On a March 13 panel weighing the pros and cons of sunset provisions on companies with unequal voting structures, Lucian Bebchuk, professor of law, economics and finance, and director of corporate governance at Harvard Law School, argued that the potential benefits of a dual-class structure tend to diminish over time and that the structure should not be maintained indefinitely.
Speaking on the same panel as Mr. Bebchuk, Andrew Winden, fellow at the Rock Center for Corporate Governance and a law lecturer at Stanford University, said that while he does not believe it's at the point where dual-class structures need to be regulated, a "pragmatic" solution to regulating them would be allowing public shareholders to elect a minority of directors. This "guarantees the controller that they will not lose control unless they are willing to give it up" and "it gives investors a very clear sort of avenue for influencing management and for getting information about what's really going on in the company," he said.
Multiple share class structures also came up in a session on the role of index providers.
In July, FTSE Russell announced that companies now coming to market will need more than 5% of their voting rights in the hands of "unrestricted (free-float) shareholders" to be included in FTSE Russell's benchmark indexes. The same month, S&P Dow Jones Indices announced that companies with multiple share class structures would no longer will be eligible for inclusion in certain S&P indexes. In November, MSCI said it would temporarily block new companies with unequal voting structures from two of its indexes and expand an earlier consultation on non-voting shares to explore the treatment of "all types of unequal voting structures." The companies' announcements followed Snap Inc.'s decision last March to issue non-voting shares in its initial public offering.

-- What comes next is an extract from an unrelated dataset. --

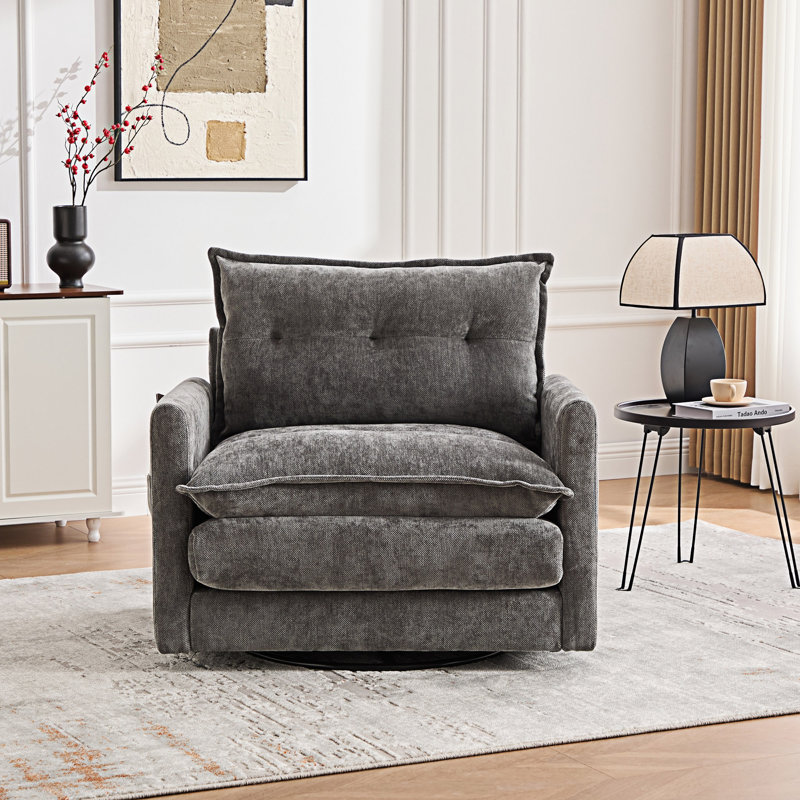 Swivel Barrel Chair Single Sofa, Gray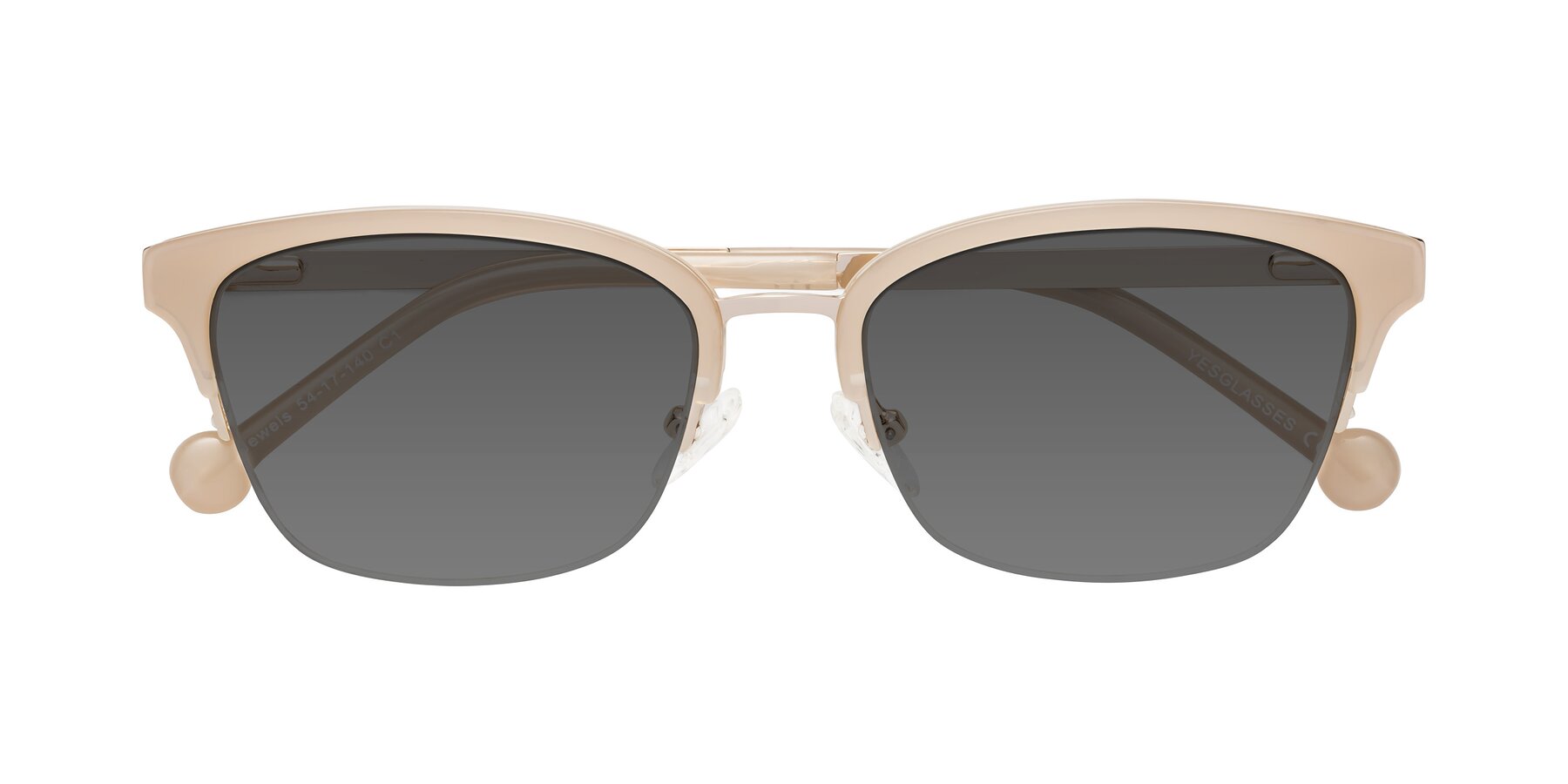 Folded Front of Jewels in Beige-Gold with Medium Gray Tinted Lenses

Speaking about FTSE Russell's decision, Mark Makepeace, CEO at FTSE Russell, and director of information services at the London Stock Exchange Group, said that the 5% threshold was actually lower than the 25% threshold many asset owners were asking for, and that some fund managers were against any sort of change.
"We had this debate in our advisory groups where the fund management community was pushing one approach" and the asset owner community was pushing another, Mr. Makepeace said. Ultimately, the index provider told asset owners "let's first deal with the immediate problem ... Let's try to put a marker in the sand so that companies themselves (that) are thinking of coming to the market know what they are going to have to do if they want to become a constituent" in the indexes, Mr. Makepeace said. "We also said we would go back and review this."
FTSE Russell will be reviewing the 5% threshold in the summer, Mr. Makepeace said.
Asked about MSCI's decision to get involved with the dual-class issue, Henry Fernandez, chairman and CEO at MSCI, said the index provider was "not looking to play this role," but with regulators and stock exchanges not wanting to pick up the issue, investors brought it to index providers.
New CII chairman
Also at the conference, on March 14, CII's public pension fund members elected Ashbel Williams, executive director and chief investment officer of the $209.7 billion Florida State Board of Administration, Tallahassee, chairman of CII. He succeeds Theresa Whitmarsh, executive director of the $128.8 billion Washington State Investment Board, Olympia.